Remettons-nous en – une fois de plus – au tirage au sort ! Plutôt qu’une nouvelle convention citoyenne où des citoyens sont rassemblés dans un palais de la République pour rebondir sur des présentations d’experts et travailler sur des solutions si pointues que la démarche peut leur faire perdre une partie de leur spontanéité, nous pourrions inverser la logique. Prenons 1000 foyers aléatoires en France et créons des jumelages deux à deux, avec le seul principe de mélanger les régions, les confessions, les générations et les niveaux d’éducation. Ces 500 paires de familles se rencontreront chacune dans un bel endroit du territoire pendant un premier week-end dont le contenu sera ludique et préparé pour elles. Elles rejoindront ensuite leur domicile pendant une semaine, puis la première famille accueillera la seconde dans son cadre de vie pendant une semaine complète, avec partage de l’activité professionnelle et des loisirs au rythme habituel du foyer d’accueil. Nouvelle semaine de pause, puis c’est la deuxième famille qui accueillera la première pour un programme équivalent. A la fin de ce mois de découvertes mutuelles, les deux familles devront raconter leur aventure, expliquer ce qu’elles auront apprises au contact de leur tandem et éventuellement répondre ensemble à une enquête ou formuler des propositions communes issues de leurs discussions.

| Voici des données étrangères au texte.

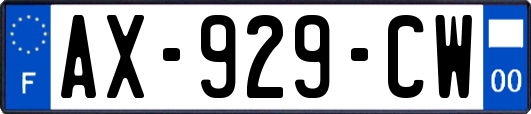 AX-929-CW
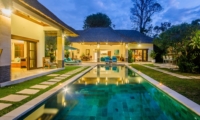 Gardens and Pool at Night - Villa Alore - Seminyak, Bali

Tous les frais de déplacement, hébergement et activités nécessaires seront pris en charge par l’État. Cela ne devrait pas coûter plus cher que des dispositifs de communication existants et, si c’était vraiment un point de blocage, toutes sortes de partenariats avec des médias ou des territoires concernés doivent pouvoir se mettre en place. Il est important que les échanges se fassent sur un temps conséquent pour qu’ils ne restent pas superficiels. Si, comme je l’imagine, cette expérience de concitoyenneté à mi-chemin de chatroulette, du stage de 3e, de l’année Erasmus et de la convention citoyenne rapproche des gens dont les trajectoires et opinions sont distantes voire opposées, alors il faudra trouver comment financer le passage à l’échelle de 67 millions de bénéficiaires. « Quoi qu’il en coûte », je parie que l’investissement génèrera davantage d’externalités positives que la mise en place de la société de la peur de l’autre et du contrôle de tous qu’on nous vend de plus en plus violemment.